Ultimately, what’s it symbolize about us as citizens that we complain loudly of paying taxes for the general upkeep of our city but, apparently, don’t have much of an issue with making the city clean up after us because we’re too lazy or distracted to take care of our own garbage?

filthily submitted by Cityslikr

3 thoughts on “Sifting For A Sign Through The Garbage Entrails

  1. It’s a cultural issue as much as it’s an attitude. When I visited London in 2006 for the first time, I was taken aback by the obvious lack of garbage receptacles on the sidewalk and in public spaces. When I inquired why, I was told it dated back to the 70s and 80s and the IRA bombing campaign. The garbage bins were all removed and were never re-installed. This begged the obvious question (at least from me) of “what do you do with your garbage and litter?” I was told to take it home or to the office with me! A rather sensible and effective solution I thought and another application of the law of unintended consequences.

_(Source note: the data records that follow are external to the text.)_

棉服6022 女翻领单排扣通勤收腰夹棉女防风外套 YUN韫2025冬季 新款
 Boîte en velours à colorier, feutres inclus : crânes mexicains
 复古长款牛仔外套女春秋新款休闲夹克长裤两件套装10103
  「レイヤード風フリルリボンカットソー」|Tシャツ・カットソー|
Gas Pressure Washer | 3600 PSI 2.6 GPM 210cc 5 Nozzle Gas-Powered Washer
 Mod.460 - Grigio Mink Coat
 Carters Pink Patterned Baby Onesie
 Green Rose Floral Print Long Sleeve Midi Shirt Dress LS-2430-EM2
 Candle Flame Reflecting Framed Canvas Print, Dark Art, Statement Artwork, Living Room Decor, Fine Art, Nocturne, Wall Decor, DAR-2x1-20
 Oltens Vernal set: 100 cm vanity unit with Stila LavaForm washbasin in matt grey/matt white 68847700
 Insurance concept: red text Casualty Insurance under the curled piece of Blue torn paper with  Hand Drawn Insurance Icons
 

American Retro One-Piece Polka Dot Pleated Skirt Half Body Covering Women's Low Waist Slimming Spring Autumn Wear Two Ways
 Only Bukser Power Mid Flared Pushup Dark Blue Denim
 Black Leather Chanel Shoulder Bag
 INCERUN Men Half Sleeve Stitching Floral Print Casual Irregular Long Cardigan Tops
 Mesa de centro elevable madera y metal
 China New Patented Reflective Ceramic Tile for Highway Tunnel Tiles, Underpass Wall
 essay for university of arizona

  2. In Japan there is no litter, no cigarette buts anywhere, absolutely nowhere. There are no garbage bins either. When I asked what do people do with their litter I was told that “we are polite, we take it home”. It would be too embarrassing for a Japanese person to be seen leaving litter behind. The lack of any litter was the most remarkable experience in my trip to Japan.

  3. I’ll add to the pile, people who think winters snow will conceal their pets poop, so they won’t need to stoop and scoop. I don’t even own a dog and have probably 6 or 7 good piles that were deposited over the last month or so on my lawn.
    I have heard Paris has a problem with dog poop, owners refusing to look after their pets waste, is just disgusting.
    I wouldn’t even toss a bidegradeable apple core on the street.